Die Liebe einer Frau
Winterfenster waren noch nicht abgenommen worden, nicht anders als bei den meisten Häusern in der Stadt. Das Haus hatte nichts Besonderes an sich, doch der Garten war berühmt für seine Blumen. Mrs. Willens war eine renommierte Gärtnerin, die ihre Blumen nicht in langen Reihen neben den Gemüsebeeten pflanzte, wie es Jimmys Großmutter und Buds Mutter taten. Bei ihr wuchsen sie in Rundbeeten und in Halbmondbeeten und überall, sogar noch in den Baumtellern. In ein paar Wochen würden die Osterglocken den Rasen füllen. Aber gegenwärtig stand nur der Forsythienstrauch an der Ecke des Hauses in Blüte. Er war fast so hoch wie die Dachkante, und er sprühte Gelb in die Luft, wie aus einem Springbrunnen Wasser schießt.

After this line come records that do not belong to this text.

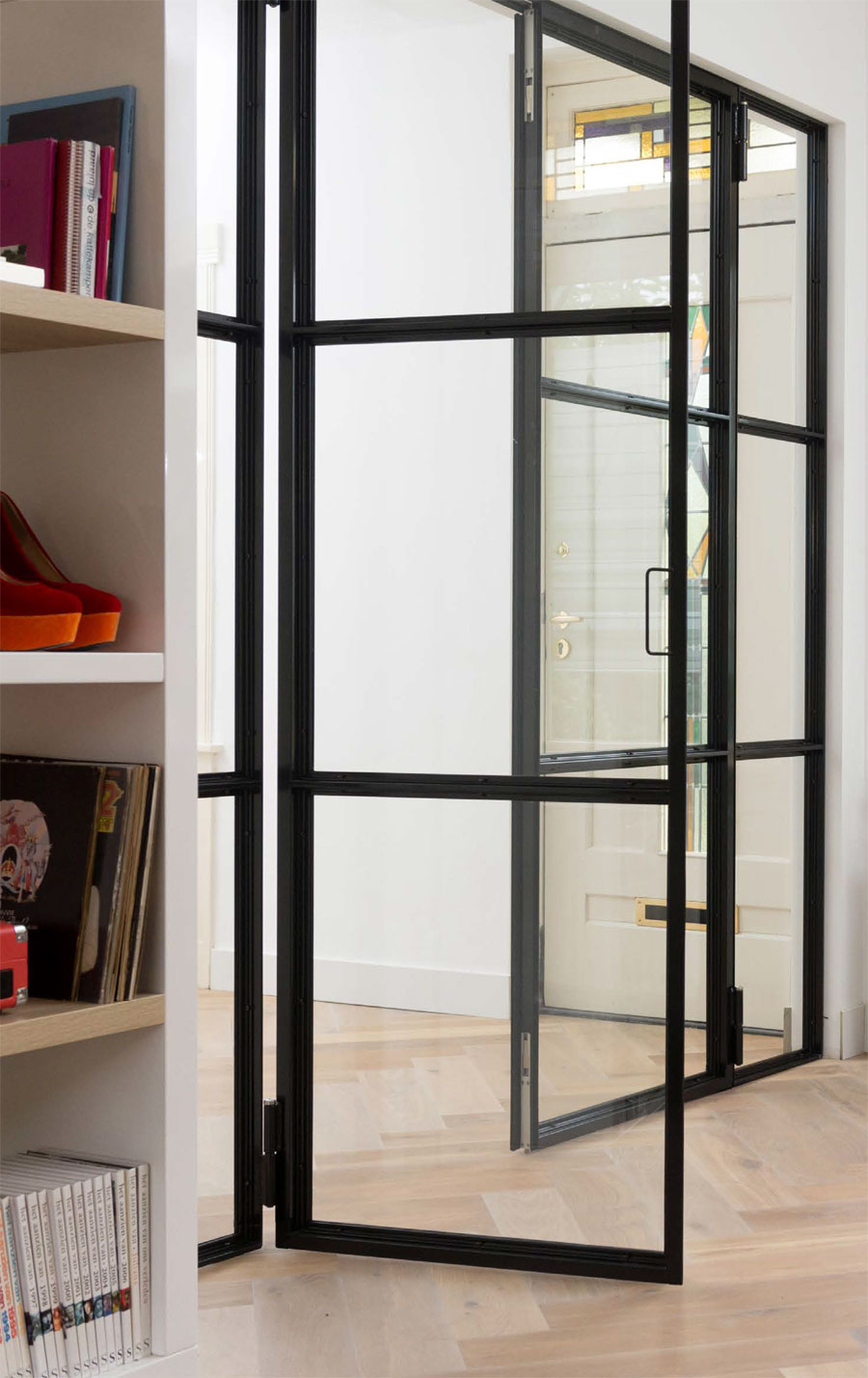 Interior_glass_door_and_wall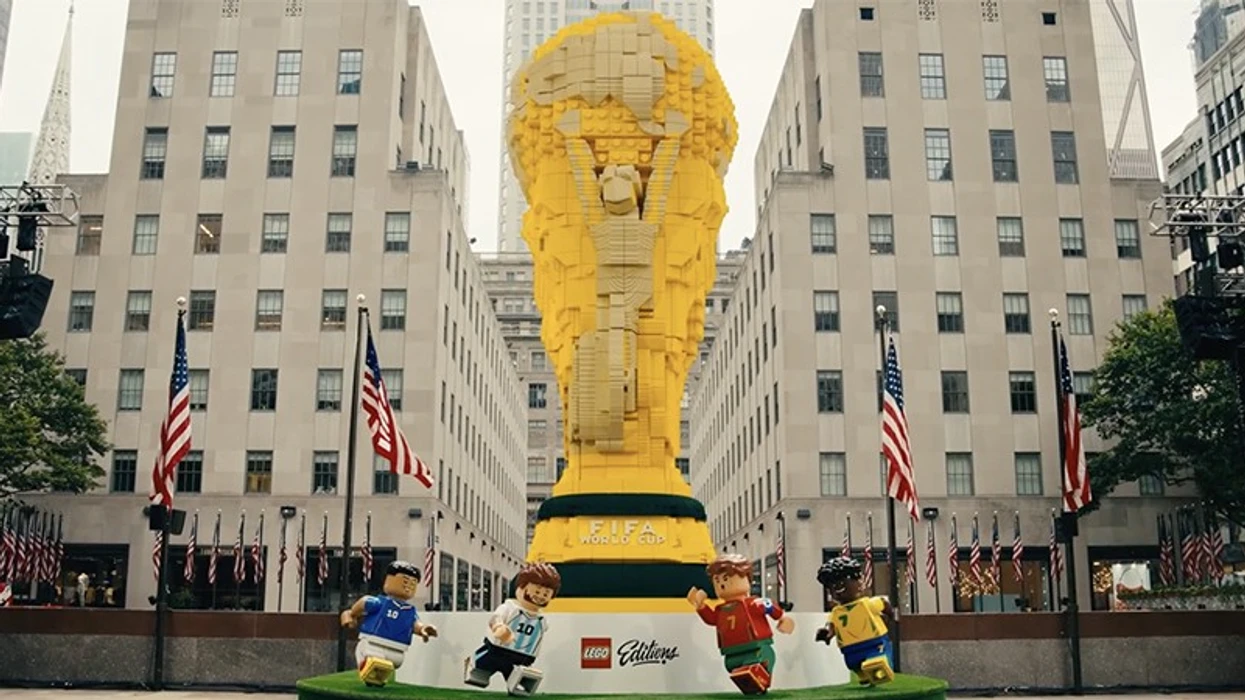 kupa-e-botes-merr-permasa-gjigante-trofeu-i-lego-s-me-1-3-milione-tulla-thyen-cdo-rekord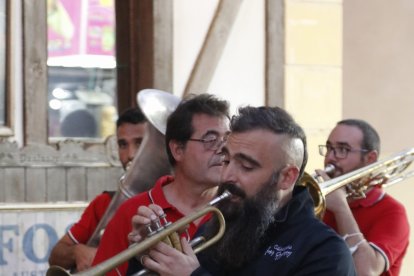 Trombonista de \'Los chorrones\' tocando por la feria de San Diego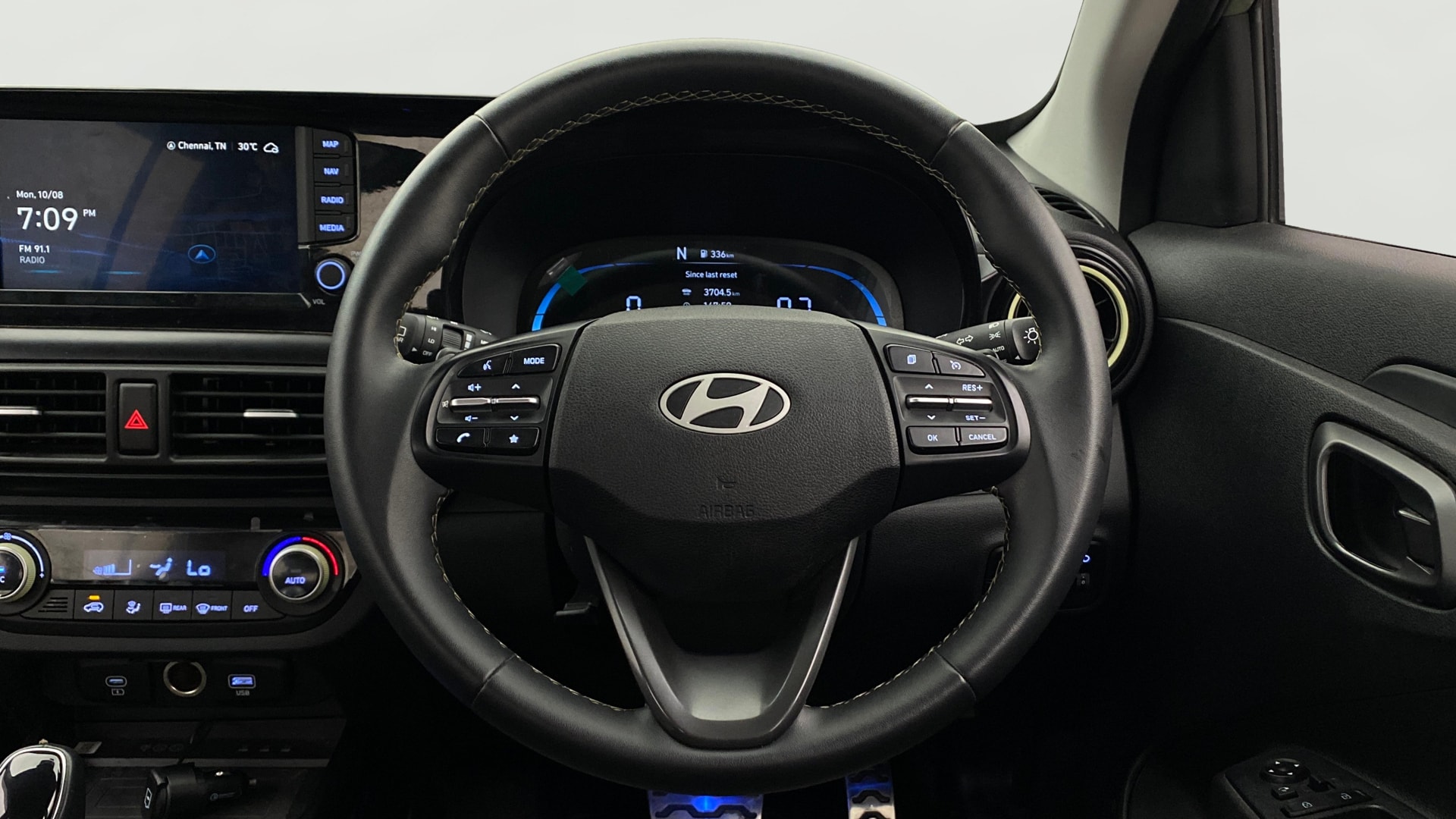 View 2024 Hyundai Exter 1.2 AMT Kappa SX Option Connect Dual Tone Image 21 Used 2024 Hyundai Exter 1.2 AMT Kappa SX Option Connect Dual Tone Image 21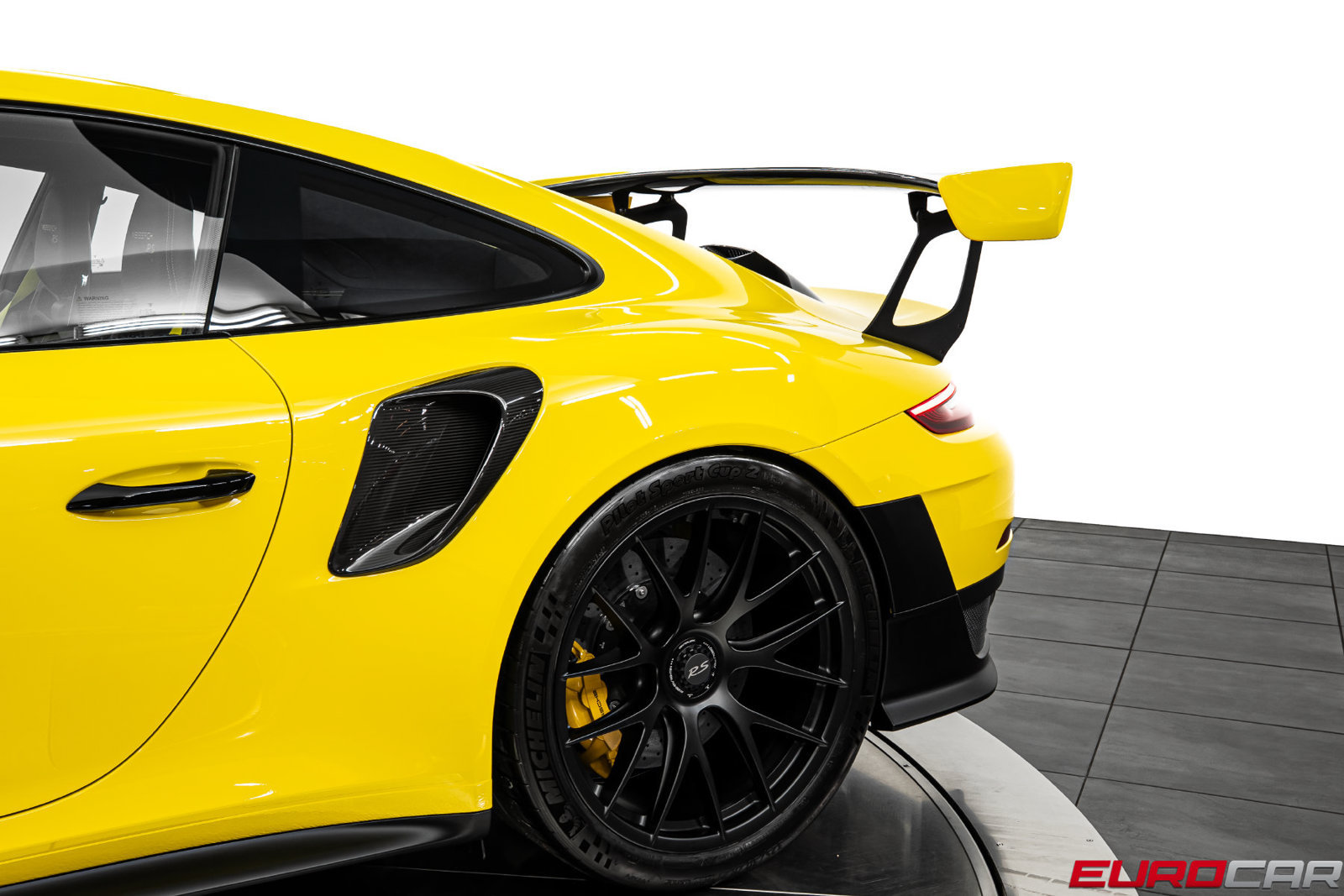 Used 2019 Porsche 911 GT2 RS RWD image 22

Die Forsythie schüttelte sich, aber nicht vom Wind, und heraus kam eine gebeugte, braune Gestalt. Es war Mrs. Willens in ihren alten Gartensachen, eine rundliche kleine Frau in ausgebeulter Hose und abgewetzter Jacke und einer Schirmmütze, die vielleicht ihrem Mann gehört hatte – sie rutschte ihr in die Stirn und verdeckte fast die Augen. In der Hand hielt sie eine Gartenschere.
Die Jungen verharrten – es gab nur das oder wegrennen. Vielleicht dachten sie, sie würden nicht gesehen werden, sie könnten sich in Zaunpfähle verwandeln. Aber Mrs. Willens hatte sie bereits gesehen, deswegen kam sie angehastet.
»Ich sehe, ihr gafft meine Forsythie an«, sagte Mrs. Willens. »Möchtet ihr was davon für zu Hause?«
Was sie angegafft hatten, war nicht die Forsythie, sondern die ganze Szene – das Haus, das wie immer aussah, das Schild neben der Praxistür, die Gardinen, die Licht einließen. Nichts Unheimliches oder Unheilverkündendes, nichts, was besagte, dass Mr. Willens nicht im Haus und sein Auto nicht in der Garage war, sondern im Skagerrakteich. Und Mrs. Willens draußen bei der Gartenarbeit, wo alle in der Stadt sie erwarten würden, sobald der Schnee geschmolzen war. Und sie rief mit ihrer vertrauten, tabakrauen Stimme, abrupt und fordernd, aber nicht unfreundlich – eine Stimme, die man schon von weitem erkannte und in jedem Laden heraushörte.
»Wartet«, sagte sie. »Wartet, ich hole euch welche.«
Sie begann, geschickt und wählerisch die leuchtendgelben Zweige abzuschneiden, und als sie genug beisammen hatte, kam sie hinter einem Wandschirm aus Blüten auf die Jungen zu.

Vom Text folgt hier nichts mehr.